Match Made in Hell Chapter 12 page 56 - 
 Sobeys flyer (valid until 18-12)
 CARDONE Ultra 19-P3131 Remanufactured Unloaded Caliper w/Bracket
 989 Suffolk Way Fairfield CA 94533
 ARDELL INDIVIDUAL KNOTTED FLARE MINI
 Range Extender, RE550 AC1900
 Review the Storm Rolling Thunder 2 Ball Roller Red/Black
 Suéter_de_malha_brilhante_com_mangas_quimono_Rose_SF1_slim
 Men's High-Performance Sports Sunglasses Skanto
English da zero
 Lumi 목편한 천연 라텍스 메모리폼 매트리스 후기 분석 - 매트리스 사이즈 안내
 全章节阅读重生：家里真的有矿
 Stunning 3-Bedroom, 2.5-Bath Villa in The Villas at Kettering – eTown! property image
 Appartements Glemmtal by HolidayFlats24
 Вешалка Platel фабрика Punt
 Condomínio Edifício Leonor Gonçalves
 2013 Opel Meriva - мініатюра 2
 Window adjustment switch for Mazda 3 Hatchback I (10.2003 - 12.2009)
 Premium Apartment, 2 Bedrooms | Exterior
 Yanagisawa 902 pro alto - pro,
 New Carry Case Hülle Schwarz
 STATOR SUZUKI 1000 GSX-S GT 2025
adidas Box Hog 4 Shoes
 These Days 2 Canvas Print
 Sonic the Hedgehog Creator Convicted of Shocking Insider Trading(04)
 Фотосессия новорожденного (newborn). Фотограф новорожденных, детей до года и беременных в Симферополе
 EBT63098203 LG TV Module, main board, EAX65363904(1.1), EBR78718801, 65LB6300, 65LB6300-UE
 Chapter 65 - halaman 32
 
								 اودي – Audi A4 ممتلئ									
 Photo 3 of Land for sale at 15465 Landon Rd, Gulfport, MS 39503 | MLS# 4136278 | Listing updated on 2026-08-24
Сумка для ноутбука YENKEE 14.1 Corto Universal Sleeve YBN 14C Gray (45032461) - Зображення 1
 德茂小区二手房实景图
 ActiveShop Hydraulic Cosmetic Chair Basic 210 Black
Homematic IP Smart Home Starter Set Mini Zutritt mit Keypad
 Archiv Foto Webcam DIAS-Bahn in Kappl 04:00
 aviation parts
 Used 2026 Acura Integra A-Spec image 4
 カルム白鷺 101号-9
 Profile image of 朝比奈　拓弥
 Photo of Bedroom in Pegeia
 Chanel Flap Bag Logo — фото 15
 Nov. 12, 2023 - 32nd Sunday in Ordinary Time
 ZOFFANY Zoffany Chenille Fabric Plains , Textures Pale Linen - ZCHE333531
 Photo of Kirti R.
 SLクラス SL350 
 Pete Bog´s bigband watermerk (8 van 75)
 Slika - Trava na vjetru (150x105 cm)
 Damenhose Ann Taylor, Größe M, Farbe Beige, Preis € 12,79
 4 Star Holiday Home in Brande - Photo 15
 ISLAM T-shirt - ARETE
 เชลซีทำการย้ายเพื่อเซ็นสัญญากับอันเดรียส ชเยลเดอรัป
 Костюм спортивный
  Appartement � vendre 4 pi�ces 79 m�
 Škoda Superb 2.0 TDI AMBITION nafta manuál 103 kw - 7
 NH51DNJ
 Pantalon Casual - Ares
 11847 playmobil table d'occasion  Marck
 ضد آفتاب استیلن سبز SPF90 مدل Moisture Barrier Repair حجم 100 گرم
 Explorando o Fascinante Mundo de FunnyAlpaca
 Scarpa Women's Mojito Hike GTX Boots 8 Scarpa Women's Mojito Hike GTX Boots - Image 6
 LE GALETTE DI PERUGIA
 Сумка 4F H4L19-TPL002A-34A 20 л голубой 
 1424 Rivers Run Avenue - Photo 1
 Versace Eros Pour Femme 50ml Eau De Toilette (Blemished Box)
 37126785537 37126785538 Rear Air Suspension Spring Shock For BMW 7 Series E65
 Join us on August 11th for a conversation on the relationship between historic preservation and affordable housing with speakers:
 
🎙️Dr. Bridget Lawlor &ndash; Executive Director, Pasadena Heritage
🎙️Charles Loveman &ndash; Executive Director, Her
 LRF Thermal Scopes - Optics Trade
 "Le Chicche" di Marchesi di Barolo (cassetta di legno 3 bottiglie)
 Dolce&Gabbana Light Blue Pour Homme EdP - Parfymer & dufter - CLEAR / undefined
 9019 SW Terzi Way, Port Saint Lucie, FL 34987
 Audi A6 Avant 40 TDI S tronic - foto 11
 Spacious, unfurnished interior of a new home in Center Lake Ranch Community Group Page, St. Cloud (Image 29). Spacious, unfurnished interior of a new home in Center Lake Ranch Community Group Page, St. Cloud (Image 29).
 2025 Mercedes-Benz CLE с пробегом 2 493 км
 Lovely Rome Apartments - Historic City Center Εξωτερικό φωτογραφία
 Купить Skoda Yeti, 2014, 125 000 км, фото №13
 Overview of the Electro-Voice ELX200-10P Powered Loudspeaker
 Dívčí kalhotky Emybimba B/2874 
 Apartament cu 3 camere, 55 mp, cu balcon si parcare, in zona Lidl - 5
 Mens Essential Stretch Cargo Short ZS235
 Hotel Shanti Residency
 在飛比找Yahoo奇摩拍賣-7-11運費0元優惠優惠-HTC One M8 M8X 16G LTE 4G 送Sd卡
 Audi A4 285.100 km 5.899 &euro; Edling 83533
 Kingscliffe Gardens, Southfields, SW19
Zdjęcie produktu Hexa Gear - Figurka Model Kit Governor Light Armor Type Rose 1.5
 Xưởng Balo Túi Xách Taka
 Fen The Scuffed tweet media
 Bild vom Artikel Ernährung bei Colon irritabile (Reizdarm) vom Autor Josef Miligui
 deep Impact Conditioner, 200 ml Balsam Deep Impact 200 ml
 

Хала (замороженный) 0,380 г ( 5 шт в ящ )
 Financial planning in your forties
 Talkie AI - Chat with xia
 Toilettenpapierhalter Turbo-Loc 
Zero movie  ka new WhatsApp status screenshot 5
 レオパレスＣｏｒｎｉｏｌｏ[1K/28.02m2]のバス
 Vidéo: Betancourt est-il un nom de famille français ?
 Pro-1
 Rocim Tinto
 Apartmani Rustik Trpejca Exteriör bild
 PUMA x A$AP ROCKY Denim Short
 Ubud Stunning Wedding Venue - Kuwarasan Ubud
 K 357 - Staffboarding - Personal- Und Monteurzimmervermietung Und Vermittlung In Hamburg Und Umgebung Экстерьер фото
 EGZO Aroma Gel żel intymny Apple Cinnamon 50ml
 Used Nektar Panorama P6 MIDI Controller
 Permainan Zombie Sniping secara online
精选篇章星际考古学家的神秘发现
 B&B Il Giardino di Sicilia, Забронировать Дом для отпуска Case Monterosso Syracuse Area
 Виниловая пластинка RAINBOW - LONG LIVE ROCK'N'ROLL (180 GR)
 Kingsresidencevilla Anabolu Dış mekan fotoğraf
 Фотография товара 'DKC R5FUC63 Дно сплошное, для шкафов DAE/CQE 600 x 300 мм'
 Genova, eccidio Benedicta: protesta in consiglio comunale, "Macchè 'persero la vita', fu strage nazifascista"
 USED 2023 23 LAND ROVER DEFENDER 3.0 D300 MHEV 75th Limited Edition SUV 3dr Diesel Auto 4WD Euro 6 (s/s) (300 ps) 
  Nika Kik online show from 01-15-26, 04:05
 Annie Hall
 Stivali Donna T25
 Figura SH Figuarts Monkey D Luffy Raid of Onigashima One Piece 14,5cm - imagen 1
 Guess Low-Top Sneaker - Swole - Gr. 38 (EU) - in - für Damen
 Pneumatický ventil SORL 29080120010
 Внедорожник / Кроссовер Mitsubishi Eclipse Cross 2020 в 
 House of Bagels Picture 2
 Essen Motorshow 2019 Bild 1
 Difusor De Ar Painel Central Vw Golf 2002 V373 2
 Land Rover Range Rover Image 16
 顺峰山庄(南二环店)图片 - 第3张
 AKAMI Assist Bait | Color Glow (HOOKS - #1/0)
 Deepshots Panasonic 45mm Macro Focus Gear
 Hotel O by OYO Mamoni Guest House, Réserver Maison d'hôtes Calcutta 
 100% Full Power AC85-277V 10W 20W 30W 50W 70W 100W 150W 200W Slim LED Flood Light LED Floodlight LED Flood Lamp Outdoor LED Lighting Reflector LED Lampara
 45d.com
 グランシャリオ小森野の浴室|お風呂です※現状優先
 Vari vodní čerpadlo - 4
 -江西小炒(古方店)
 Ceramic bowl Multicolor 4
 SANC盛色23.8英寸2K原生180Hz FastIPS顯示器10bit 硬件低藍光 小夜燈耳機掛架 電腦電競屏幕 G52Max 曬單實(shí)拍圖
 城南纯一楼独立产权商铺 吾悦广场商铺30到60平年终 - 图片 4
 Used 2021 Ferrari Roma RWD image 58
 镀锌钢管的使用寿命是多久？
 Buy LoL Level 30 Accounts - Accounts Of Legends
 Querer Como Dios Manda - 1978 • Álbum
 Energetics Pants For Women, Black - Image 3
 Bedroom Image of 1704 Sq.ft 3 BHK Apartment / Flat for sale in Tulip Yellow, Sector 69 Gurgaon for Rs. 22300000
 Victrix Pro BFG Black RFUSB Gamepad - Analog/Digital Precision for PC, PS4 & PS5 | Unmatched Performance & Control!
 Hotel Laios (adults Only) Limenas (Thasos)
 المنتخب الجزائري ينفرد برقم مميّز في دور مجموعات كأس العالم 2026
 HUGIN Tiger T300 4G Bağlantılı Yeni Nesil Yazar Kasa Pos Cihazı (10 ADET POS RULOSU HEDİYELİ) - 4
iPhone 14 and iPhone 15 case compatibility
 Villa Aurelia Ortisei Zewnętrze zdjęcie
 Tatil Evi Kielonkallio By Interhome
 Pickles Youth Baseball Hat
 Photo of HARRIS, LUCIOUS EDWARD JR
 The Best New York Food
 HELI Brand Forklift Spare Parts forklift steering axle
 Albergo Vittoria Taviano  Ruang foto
--
Task directions
From the records above, transcribe exactly the run of lines that opens with the line holding "Pantalon Casual - Ares" and closes with the line holding "Versace Eros Pour", both included.

Answer to the exercise
 Pantalon Casual - Ares
 11847 playmobil table d'occasion  Marck
 ضد آفتاب استیلن سبز SPF90 مدل Moisture Barrier Repair حجم 100 گرم
 Explorando o Fascinante Mundo de FunnyAlpaca
 Scarpa Women's Mojito Hike GTX Boots 8 Scarpa Women's Mojito Hike GTX Boots - Image 6
 LE GALETTE DI PERUGIA
 Сумка 4F H4L19-TPL002A-34A 20 л голубой 
 1424 Rivers Run Avenue - Photo 1
 Versace Eros Pour Femme 50ml Eau De Toilette (Blemished Box)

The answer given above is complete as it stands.